Areas in which the World Bank leads and there is no direct IMF involvement
3. Areas in which the Bank leads and there is no direct IMF involvement include the social sectors, infrastructure and environment.
· In the social sectors the Bank conducts annual updates of Georgia’s Poverty Assessment based on household data collected on a quarterly basis. The Bank’s focus has been to improve the budget execution of expenditures for health, education and poverty benefits and to raise the efficiency in the use of scarce public resources. Through the Social Investment Fund Credits IDA is focusing in particular on areas with high poverty levels to provide basic infrastructure to the poorest communities. A recently approved Self-reliance Fund Grant will help authorities address the complex issues related to internally displaced people. IDA is also supporting a dialogue with the Government on social protection reform that may lead to an IDA-supported project.

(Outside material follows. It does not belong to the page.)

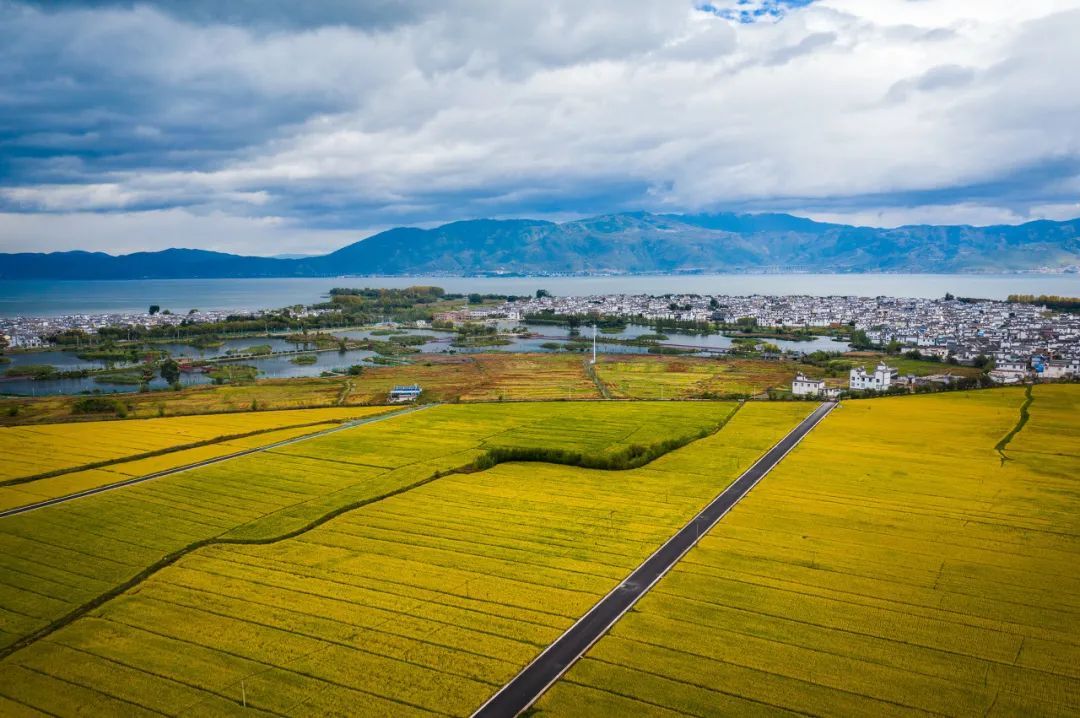 云南省文化和旅游厅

· In education the Education Adaptable Program Credit aims at improving the learning outcomes of primary and secondary students, through curriculum reform, development of an examination system, training of teachers, provision of learning materials, and development of capacity to make better use of Georgia’s physical, financial and human resources. While the investment needs of school buildings are substantially higher than is currently affordable for Georgia, the Social Investment Fund projects continue to assist in financing urgent repairs to school facilities in many communities.
· In health IDA Credits to support the Government in improving the health care financing system, exploring risk-pooling options, introducing a new system of primary health care and improving the focus of services funded through public funds on the poor and on priority public health interventions. In addition hospital restructuring has been supported by SAC 3 and the Structural Reform Support Credit.